Le Sénat du Chili a voté, mardi 16 novembre, contre la destitution du président Sebastian Piñera, soupçonné de conflit d’intérêts dans la vente d’une compagnie minière en 2010. L’affaire avait été révélée par les « Pandora Papers ».
Ce vote met un terme à la procédure de destitution qui avait été approuvée la semaine dernière par la Chambre des députés, où l’opposition est majoritaire. Au Sénat, également dominé par l’opposition, une majorité des deux tiers, soit vingt-neuf voix, était nécessaire. Or seulement vingt-quatre sénateurs ont voté pour la destitution, dix-huit contre et un s’est abstenu.
« La défense a démonté de façon catégorique chacun des faits exposés dans les motifs de ce procès politique », s’est félicité le sénateur Francisco Chahuan, un soutien de M. Piñera. L’avocat du chef d’Etat, Jorge Galvez, avait affirmé au début de la séance au Sénat que l’accusation était « dénuée de tout fondement factuel et juridique ».
La procédure avait été déclenchée après les révélations des « Pandora Papers », une enquête du Consortium international des journalistes d’investigation (ICIJ). Selon ces documents, la compagnie minière Minera Dominga a été vendue en 2010 par une société détenue par les enfants du chef de l’Etat à un homme d’affaires, ami du président, pour 152 millions de dollars, une transaction opérée aux îles Vierges britanniques.
Il ne peut pas prétendre à sa propre succession
Le paiement de la transaction devait être effectué en trois versements et contenait une clause controversée qui subordonnait le dernier paiement à la condition qu’aucune zone de protection environnementale ne soit établie sur la zone d’exploitation de la société minière.
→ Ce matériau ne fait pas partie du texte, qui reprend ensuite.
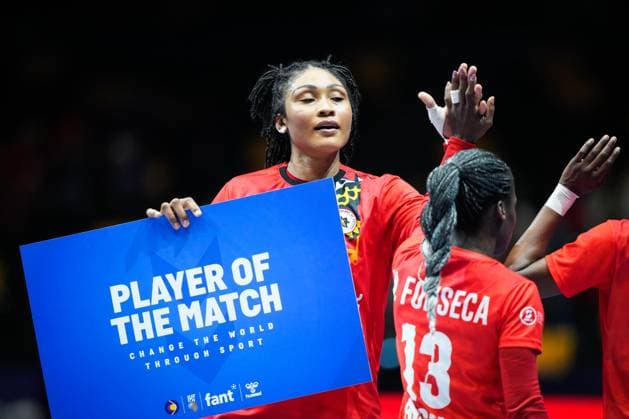Handball-VM kvinner Norge 2023: Angola - Sor-Korea Trondheim 20231210. Angolas Albertina Cruz Kassoma ble karet til «Player of the match» i VM-kampen i hovedrunden mellom Angola og Sor-Korea i Trondheim Spektrum. Foto: Beate Oma Dahle NTB Trondheim Norge EDITORIAL USE ONLY. RESTRICTED USE FOR BETTING COMPANIES Ref:_SPOZZ_mmfukjR8.jpg  Copyright: xBeatexOmaxDahlex xNTBx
D’après l’enquête, le gouvernement de M. Piñera n’a finalement pas protégé la zone où l’exploitation minière était prévue, si bien que le troisième paiement a bien été effectué. La présidente socialiste Michelle Bachelet (2006-2010), à laquelle avait succédé M. Piñera, avait pourtant recommandé que soit protégée la zone riche en biodiversité qui abrite une colonie de manchots de Humboldt, une espèce menacée.
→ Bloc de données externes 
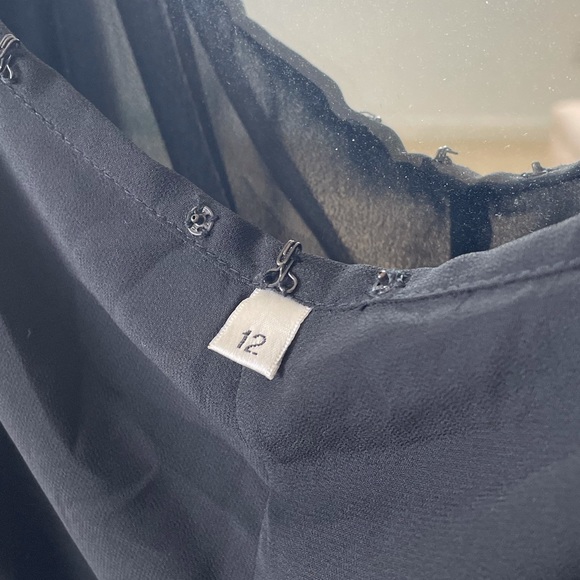 Camille’s Black Gown - Picture 10 of 11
Le président de droite, qui est également l’un des hommes les plus riches du Chili, avait dénoncé une accusation fondée « sur des faits faux ou trompeurs » et estimé que l’affaire avait déjà été jugée en 2017 et fait l’objet d’un non-lieu. A l’ouverture d’une nouvelle enquête pénale au début d’octobre, le parquet avait toutefois avancé que les faits liés à la vente et à l’achat de la société minière « n’étaient pas expressément inclus » dans la décision de non-lieu.
La fin de la procédure de destitution contre M. Piñera intervient à quelques jours des élections du 21 novembre, à l’issue desquelles un nouveau président sera désigné et le Parlement renouvelé. M. Piñera ne peut être candidat à sa propre succession ; toutefois, son mandat est loin d’être terminé, avec un probable second tour le 19 décembre et une transmission de pouvoir le 11 mars.
Les « Pandora Papers », c’est quoi ?
« Pandora Papers » est une enquête collaborative menée par le Consortium international des journalistes d’investigation (ICIJ) en partenariat avec 150 médias internationaux, dont Le Monde. Elle repose sur la fuite de près de 12 millions de documents confidentiels, transmis par une source anonyme à l’ICIJ, provenant des archives de quatorze cabinets spécialisés dans la création de sociétés offshore dans les paradis fiscaux (îles Vierges britanniques, Dubaï, Singapour, Panama, les Seychelles…).
Cinq ans après les « Panama Papers », l’enquête révèle l’ampleur des dérives de l’industrie offshore et de ses sociétés anonymes. Elle montre comment ce système profite à des centaines de responsables politiques, et comment de nouveaux paradis fiscaux prennent le relais à mesure que les anciens se convertissent à la transparence.